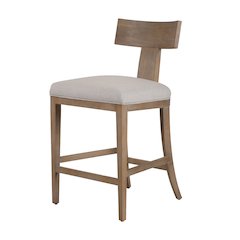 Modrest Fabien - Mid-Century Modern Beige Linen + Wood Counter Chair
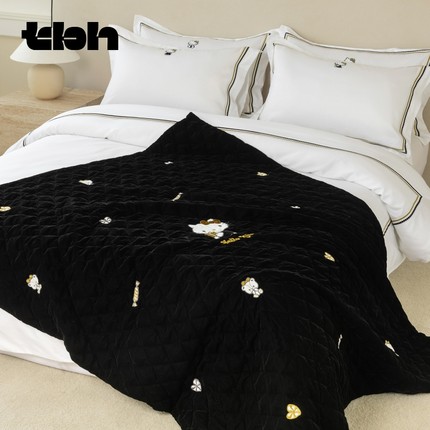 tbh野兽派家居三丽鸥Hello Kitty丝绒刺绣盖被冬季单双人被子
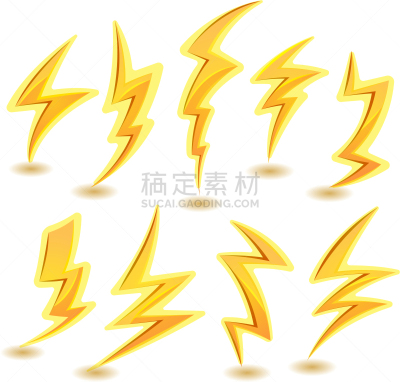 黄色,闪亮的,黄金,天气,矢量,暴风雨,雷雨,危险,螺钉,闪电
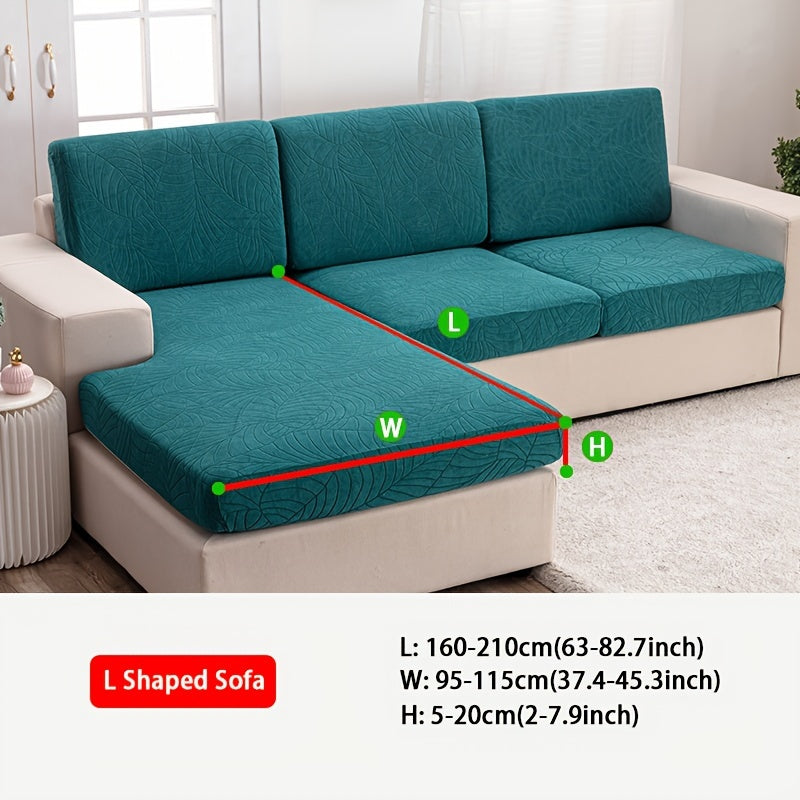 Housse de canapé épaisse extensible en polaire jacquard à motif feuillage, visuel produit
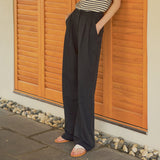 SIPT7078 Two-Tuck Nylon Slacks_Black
========
-- About this task --
Would you restate the records above word for word and exclude the pictures?

-- Solution to this exercise --
 Modrest Fabien - Mid-Century Modern Beige Linen + Wood Counter Chair
 tbh野兽派家居三丽鸥Hello Kitty丝绒刺绣盖被冬季单双人被子
 黄色,闪亮的,黄金,天气,矢量,暴风雨,雷雨,危险,螺钉,闪电
 Housse de canapé épaisse extensible en polaire jacquard à motif feuillage, visuel produit
 SIPT7078 Two-Tuck Nylon Slacks_Black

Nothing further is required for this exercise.